The Christian (and many other) theologies include this idea of 'eternal life'. Likely because our lives are so short. We would like our lives to be much longer than they are. But how can they be longer? Science (knowledge, medicine and technology) has extended human lifespans to a degree. Though in Tolkien's day (at least when he was writing Lord of the Rings) it was not commonly conceived that science might extend human lifespans to hundreds or thousands of years or more. Even today that's not something most imagine happening. Only an all powerful creator deity is thought to be able to provide extended existence. And if he extends it beyond a typical human lifespan, surely it must then be eternally? Yet, how much extra life (or existence) do we REALLY want to have?
In general people don't really examine this question too closely. Most people don't want to die. Or certainly not after only 80, 90, 100 years. So... many religions offer ETERNAL life. Why not? Sounds good, right? But... the truth is, eternal life would ultimately become a living hell. No matter how 'wonderful' that life is.
What can you do in 100 years? Not nearly enough. 1000 years? So much more. 10,000 years? Nearly everything you can currently think you'd find interesting or fulfilling, including thousands of years of just relaxing and taking in the beauty of your surroundings (like Tolkien elves seem to do). But ultimately it would get quite boring as you might be thinking as you're sung to on your 23,641 'st birthday (use number candles on the cake please).

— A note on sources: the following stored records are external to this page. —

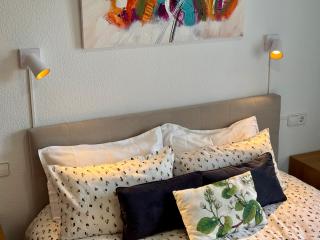 Apartamento Bulevar en Playa Albir - Albir - 4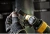 Многофункциональный инструмент DeWalt DWE315KT 300Вт желтый/черный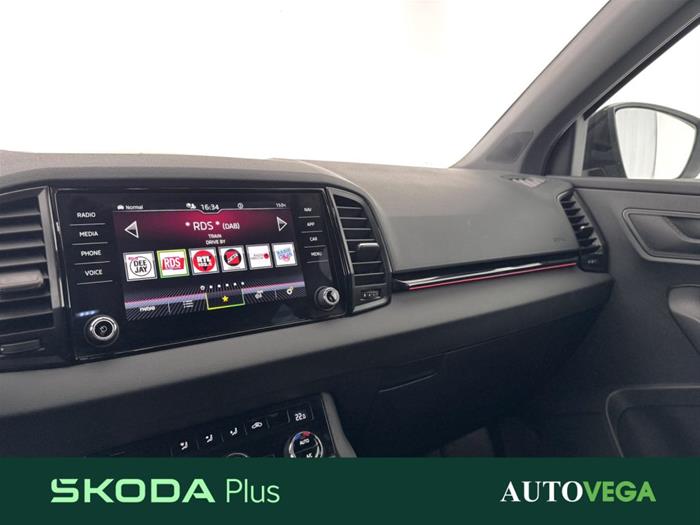 AutoVega - SKODA Karoq | ID 38692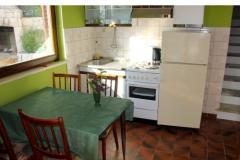 Villa Bok Apartma 4 – Green foto 1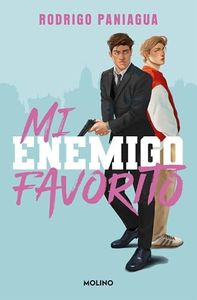 Mi enemigo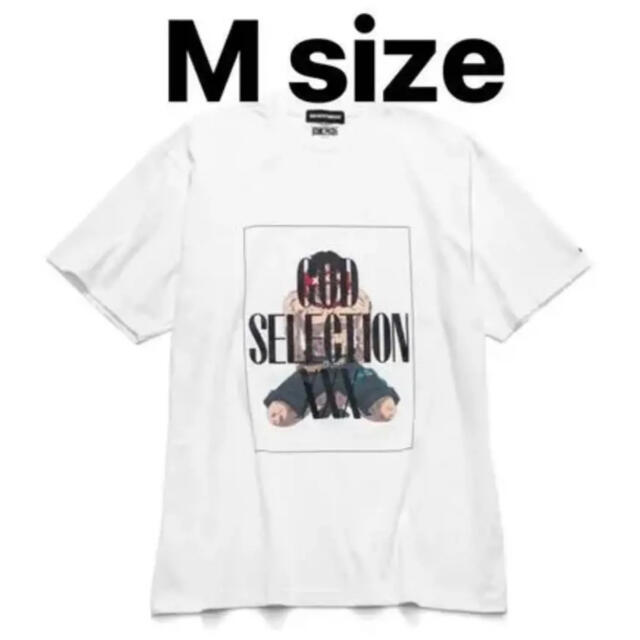GOD SELECTION XXX - ONE PIECE x GOD SELECTION XXX ワンピース GOD SELECTION XXX - ONE PIECE x GOD SELECTION XXX ワンピース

Then what about existence for 100,000 years? A million? A billion? A trillion? One googolplex years!!! You'd have explored and examined in finite detail everything in the universe down to their subatomic particles a million times over, thought every possible thought, learned everything there is to know, and done everything there is to do a billion times over. The banality and boredom of it would have set in an eternity ago, feelings (especially if they're always positive feelings) would become meaningless, continued existence would become utterly meaningless and yet you wouldn't have even scratched the surface of eternity. Inability to die, no matter how pleasant your surroundings, would become hell.
I believe Tolkien had conceived this and understood it, and didn't think the idea of immortality, or eternal life as promised by his religion, was so great. Eternal life would become unbearable the longer it went on. And in Middle-earth, the immortal elves grow weary of existence after thousands of years.

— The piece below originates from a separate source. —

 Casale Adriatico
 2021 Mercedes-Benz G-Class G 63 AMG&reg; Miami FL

Life, our lives, human lives, have meaning and purpose because we are unique, because the odds of us (individually) being here are astronomically unimaginably small and not inevitably preordained (we each won the cosmic lottery), AND because our lives are limited (albeit too limited - give me a Numenorian lifespan any day). Since even after just 10's of thousand of years of existence it would become wearisome, boring and tedious, oblivion, eternal slumber (which for all we know of humans in the Middle-earth universe is what happens to them) IS truly a 'gift'. And yet humans in Middle-earth (as in reality) do not appreciate this. We (most people) lament the idea that we will cease to exist one day. Again that's likely because our lives are TOO short. An immortal elf surely has a different perspective on the subject. And so, they consider men's mortality a GIFT. One that was denied to the Oath breakers, who desperately desired redemption so that they might finally be allowed to die and go into oblivion (annihilation).
Personally, I'm of the mind that Tolkien, despite the expectations of his social circle and in particular those of his religion, was not particularly taken with the mythology of our universe's creation nor certain ideas put forth by his religion. And this, the ability to cease existence entirely, is one he saw as being a welcoming gift rather than the curse it has long been considered, and told to be in Genesis.